Task item:
All pictures are to be omitted while the lines starting at the line with "Vista aérea de" and ending at the line with "trilobit, zkamenělina" in the material below are retyped exactly, both ends included.

-- Dataset content follows --

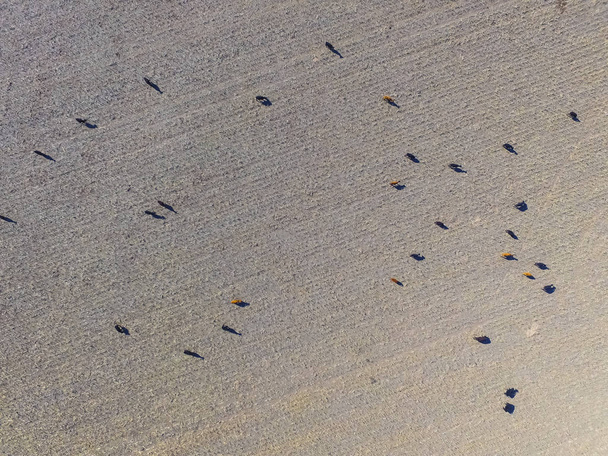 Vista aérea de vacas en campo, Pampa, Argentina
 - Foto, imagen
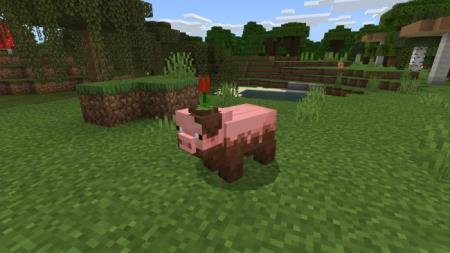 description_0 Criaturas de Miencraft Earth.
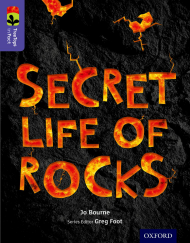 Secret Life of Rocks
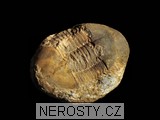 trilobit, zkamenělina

-- Dataset content concluded --
-- Dataset content follows --

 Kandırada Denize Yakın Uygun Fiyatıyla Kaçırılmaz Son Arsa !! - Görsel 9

-- Dataset content concluded --

Answer box:
 Vista aérea de vacas en campo, Pampa, Argentina
 - Foto, imagen
 description_0 Criaturas de Miencraft Earth.
 Secret Life of Rocks
 trilobit, zkamenělina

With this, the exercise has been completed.